**Data to examine**.

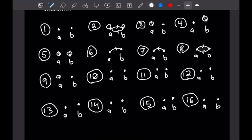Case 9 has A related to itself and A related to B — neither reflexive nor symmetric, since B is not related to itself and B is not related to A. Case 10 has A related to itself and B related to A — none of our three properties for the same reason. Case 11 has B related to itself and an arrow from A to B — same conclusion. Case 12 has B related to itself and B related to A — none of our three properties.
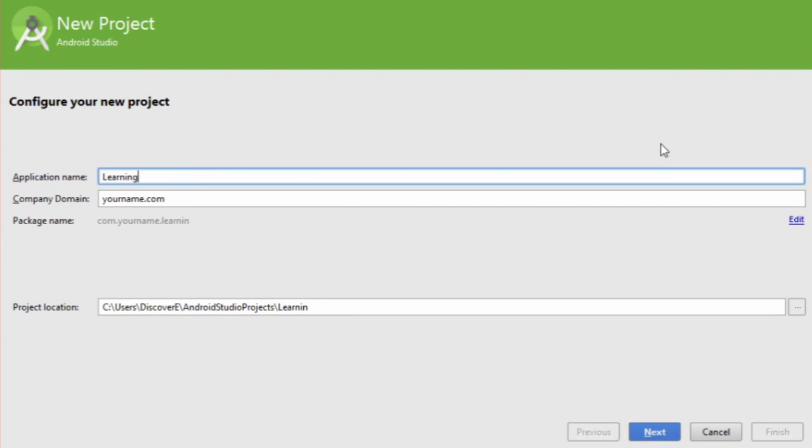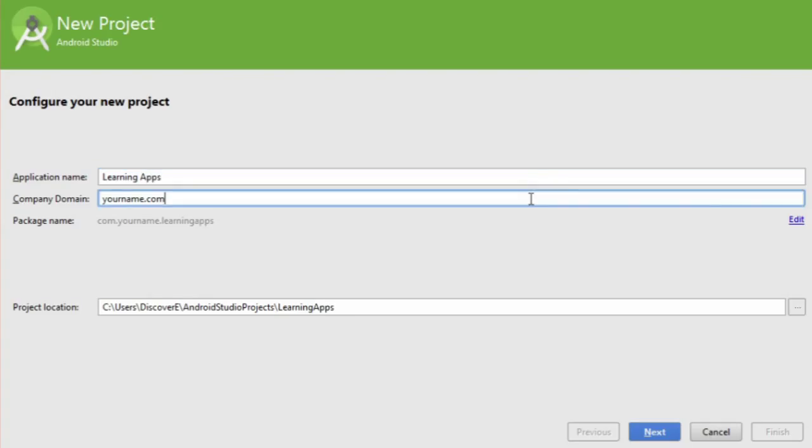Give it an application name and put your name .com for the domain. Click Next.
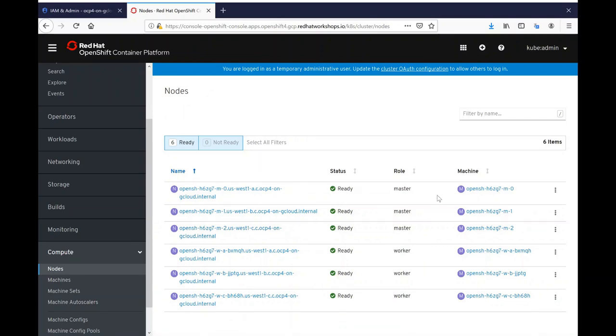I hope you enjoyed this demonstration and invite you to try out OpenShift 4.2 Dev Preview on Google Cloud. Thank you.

==

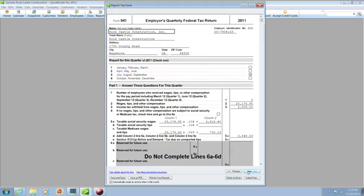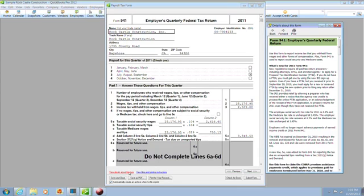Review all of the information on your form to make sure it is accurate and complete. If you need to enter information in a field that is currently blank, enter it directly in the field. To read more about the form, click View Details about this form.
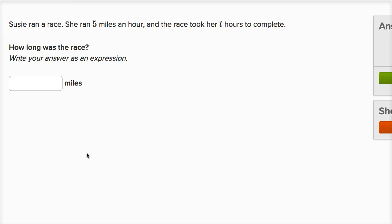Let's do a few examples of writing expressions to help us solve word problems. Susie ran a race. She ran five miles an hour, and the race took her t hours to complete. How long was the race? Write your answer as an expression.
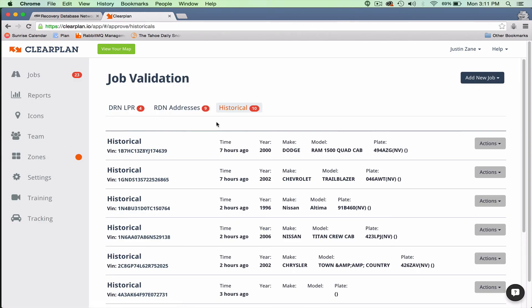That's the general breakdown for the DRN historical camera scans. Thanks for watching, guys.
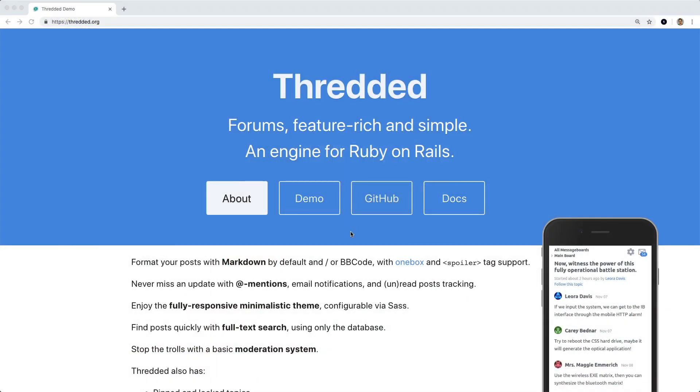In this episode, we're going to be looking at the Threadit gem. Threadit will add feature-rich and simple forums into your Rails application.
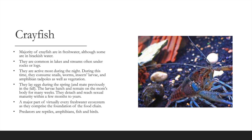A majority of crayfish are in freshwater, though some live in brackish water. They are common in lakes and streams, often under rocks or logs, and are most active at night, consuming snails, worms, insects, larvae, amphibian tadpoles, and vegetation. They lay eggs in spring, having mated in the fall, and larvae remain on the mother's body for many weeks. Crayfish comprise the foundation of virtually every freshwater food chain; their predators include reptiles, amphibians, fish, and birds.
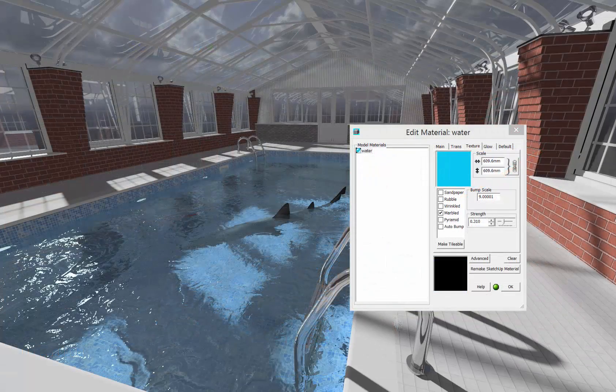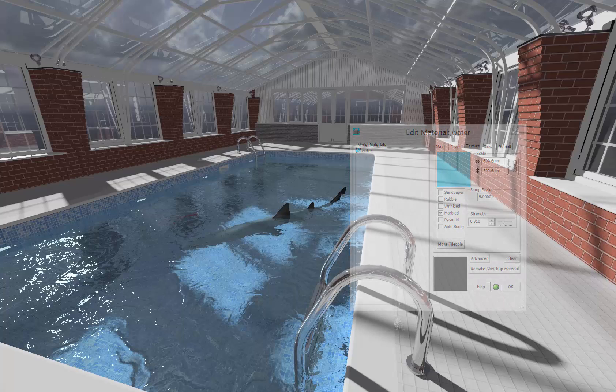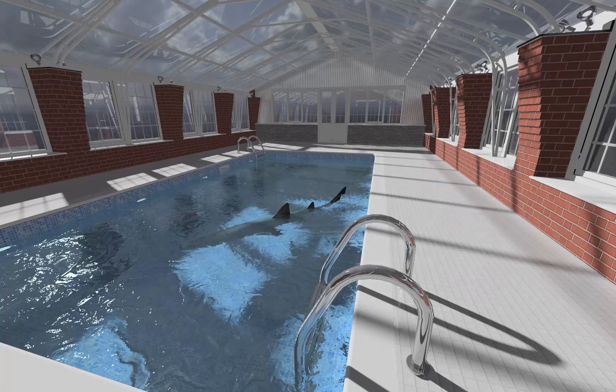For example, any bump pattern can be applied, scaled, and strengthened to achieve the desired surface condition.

...

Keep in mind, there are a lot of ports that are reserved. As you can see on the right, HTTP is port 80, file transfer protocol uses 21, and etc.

**Task brief**.
An exact copy is needed of the stretch above that opens with the line containing "Case 9 has A" and closes with the line containing "I hope you enjoyed"; the pictures are not part of it.

**Written answer**.
Case 9 has A related to itself and A related to B — neither reflexive nor symmetric, since B is not related to itself and B is not related to A. Case 10 has A related to itself and B related to A — none of our three properties for the same reason. Case 11 has B related to itself and an arrow from A to B — same conclusion. Case 12 has B related to itself and B related to A — none of our three properties.
Give it an application name and put your name .com for the domain. Click Next.
I hope you enjoyed this demonstration and invite you to try out OpenShift 4.2 Dev Preview on Google Cloud. Thank you.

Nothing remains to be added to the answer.